--- TASK STATEMENT ---
Only lines that contain the word "pour" belong in the answer; copy them from the records below.
··· RECORDS FOR THE EXERCISE ···
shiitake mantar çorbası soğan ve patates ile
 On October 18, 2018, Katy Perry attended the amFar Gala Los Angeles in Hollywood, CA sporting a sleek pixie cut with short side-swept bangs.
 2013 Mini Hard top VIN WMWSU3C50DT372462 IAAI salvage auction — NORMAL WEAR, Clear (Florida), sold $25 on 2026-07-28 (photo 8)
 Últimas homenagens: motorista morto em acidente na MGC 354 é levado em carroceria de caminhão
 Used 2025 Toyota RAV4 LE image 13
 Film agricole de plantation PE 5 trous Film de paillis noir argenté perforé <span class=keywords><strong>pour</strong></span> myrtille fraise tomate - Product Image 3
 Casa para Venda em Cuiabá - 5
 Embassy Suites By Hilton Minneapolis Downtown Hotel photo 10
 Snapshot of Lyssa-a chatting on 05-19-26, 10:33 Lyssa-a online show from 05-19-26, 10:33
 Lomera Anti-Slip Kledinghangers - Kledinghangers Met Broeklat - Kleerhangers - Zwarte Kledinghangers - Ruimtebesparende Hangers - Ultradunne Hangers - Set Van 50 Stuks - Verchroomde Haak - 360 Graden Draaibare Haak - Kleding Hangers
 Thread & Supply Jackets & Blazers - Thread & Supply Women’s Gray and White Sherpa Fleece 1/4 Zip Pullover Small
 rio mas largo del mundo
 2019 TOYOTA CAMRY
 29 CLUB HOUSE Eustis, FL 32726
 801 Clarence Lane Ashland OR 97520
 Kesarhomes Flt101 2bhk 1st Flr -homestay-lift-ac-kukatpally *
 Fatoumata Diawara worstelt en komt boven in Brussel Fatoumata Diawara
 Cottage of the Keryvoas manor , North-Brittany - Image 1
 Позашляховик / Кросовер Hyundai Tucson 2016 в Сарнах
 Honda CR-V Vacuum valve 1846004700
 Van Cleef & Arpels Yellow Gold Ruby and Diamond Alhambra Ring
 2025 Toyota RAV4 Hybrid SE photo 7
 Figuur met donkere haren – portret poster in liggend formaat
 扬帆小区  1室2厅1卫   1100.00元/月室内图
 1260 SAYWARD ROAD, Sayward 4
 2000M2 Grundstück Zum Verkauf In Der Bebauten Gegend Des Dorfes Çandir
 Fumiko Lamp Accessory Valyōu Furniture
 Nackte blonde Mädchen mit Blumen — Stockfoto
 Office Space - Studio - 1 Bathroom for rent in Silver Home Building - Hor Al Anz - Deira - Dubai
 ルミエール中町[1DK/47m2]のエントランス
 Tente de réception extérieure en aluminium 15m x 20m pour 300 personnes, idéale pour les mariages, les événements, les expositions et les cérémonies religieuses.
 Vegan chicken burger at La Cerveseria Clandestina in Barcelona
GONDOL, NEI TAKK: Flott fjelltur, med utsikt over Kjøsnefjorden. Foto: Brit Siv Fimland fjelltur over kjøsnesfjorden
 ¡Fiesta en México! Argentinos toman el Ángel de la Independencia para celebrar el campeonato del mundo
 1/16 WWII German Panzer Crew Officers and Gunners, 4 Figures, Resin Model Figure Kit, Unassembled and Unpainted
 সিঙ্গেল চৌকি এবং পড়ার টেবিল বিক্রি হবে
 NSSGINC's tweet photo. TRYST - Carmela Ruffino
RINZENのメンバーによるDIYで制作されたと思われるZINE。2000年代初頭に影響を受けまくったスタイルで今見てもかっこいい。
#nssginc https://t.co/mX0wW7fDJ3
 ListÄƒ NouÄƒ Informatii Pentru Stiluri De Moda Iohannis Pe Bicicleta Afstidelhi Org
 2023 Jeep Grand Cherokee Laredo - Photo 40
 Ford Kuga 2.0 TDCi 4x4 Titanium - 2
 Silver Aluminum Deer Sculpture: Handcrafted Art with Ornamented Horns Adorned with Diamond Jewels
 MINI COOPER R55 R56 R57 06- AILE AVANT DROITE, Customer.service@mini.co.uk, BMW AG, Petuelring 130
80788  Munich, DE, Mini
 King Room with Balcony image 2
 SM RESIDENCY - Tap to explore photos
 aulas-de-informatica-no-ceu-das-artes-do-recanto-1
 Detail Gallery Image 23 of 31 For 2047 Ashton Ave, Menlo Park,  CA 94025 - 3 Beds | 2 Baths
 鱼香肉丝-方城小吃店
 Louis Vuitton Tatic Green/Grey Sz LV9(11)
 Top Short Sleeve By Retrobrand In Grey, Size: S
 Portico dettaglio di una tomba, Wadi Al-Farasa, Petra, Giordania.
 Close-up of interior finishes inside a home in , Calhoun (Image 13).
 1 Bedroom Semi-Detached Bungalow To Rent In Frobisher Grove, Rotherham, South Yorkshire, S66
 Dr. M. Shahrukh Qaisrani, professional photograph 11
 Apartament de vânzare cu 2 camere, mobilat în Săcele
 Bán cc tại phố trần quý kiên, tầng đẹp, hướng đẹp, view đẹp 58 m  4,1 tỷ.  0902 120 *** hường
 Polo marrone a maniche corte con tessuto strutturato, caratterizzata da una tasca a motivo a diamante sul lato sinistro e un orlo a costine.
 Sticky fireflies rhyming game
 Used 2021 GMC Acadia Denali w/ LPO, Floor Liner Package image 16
···
--- SOLUTION ---
 Film agricole de plantation PE 5 trous Film de paillis noir argenté perforé <span class=keywords><strong>pour</strong></span> myrtille fraise tomate - Product Image 3
 Tente de réception extérieure en aluminium 15m x 20m pour 300 personnes, idéale pour les mariages, les événements, les expositions et les cérémonies religieuses.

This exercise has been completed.